Short answer, no.
First of all, I would distinguish at least three parts: the interpretation of color by the brain, how can we assign a color to light and how that light is emmited by objects. I'll briefly comment the first one and concentrate on the rest.
Color interpretation clearly depends on the observer: I don't even know whether we see the same colors, some animals have more primary colors and other spectrum range, etc. The rest of the answers explain this quite well.
Let's go to the physical aspects and some common misconceptions:
Color is usually associated to a particular wavelength of light, (it would be more correct to say frecuency because it's what the eye detects), but this is not completely accurate:
Magenta, for instance, doesn't correspond to any wavelength. This is because we detect color magenta when both green and violet are "mixed" in the eye.
Black color is the absence of visible light, so it's also a color without a frecuency.
Moreover, color doesn't depend only on the wavelength but on intensity too. Orange-yellow at low intensities will be detected as brown.
If we consider how "colored" light is emmited by an object before it reaches our eyes there are several possible ways.

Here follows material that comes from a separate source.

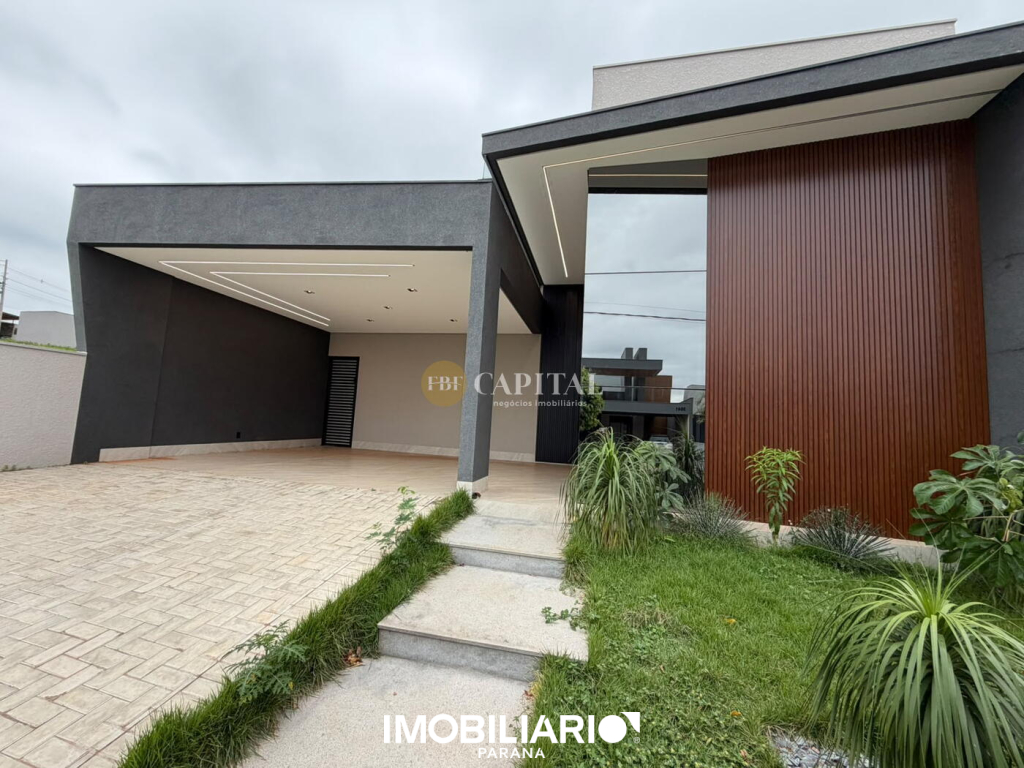 Venda Residência - Condomínio Residencial JARDINS DE VERSAILLES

When they don't emmit light by themselves:
Since color also depends on what light you illuminate the object with, we can't say that X has color Y unless we say how we iluminate it. It's a convention to use white light (blackbodyt at 6500K). But light's intensity is not specified, although it's modifies the color we see (if you use too much light you'll see it completely white).
It's important to say that not always an object absorb some frecuencies and reflect others. There is an important phenomenom, iridiscence which is a combination of interference and diffraction. In this case the color depends on the angle (like CD's and butterfly wings).
Opaque materials may reflect light in the same angle it hits, it is the case of mirrors. Since "perfect" mirrors reflects all frecuencies, so a mirror is white (because we are using white light).
We could say that "perfect" transparent materials have no color at all or that they are white. But in most cases there is some color due to scattering and partial reflection, which causes interference. This will also depend on how much material we have, small volume of air is colorless but the atmosphere is blue.
When they emmit light by themselves:
This depends on the temperature (blackbody radiation), chemical reactions, electric currents, etc. So in this cases color will also depend on time.
Other problems would arise for single particles, like electrons (we could associate some color using Compton's scattering)...
There are many more subtleties, but I'd say we can conclude that color is not a fundamental property of objects, only an useful characteristic in some cases.
Note: I think I use too many parentheses.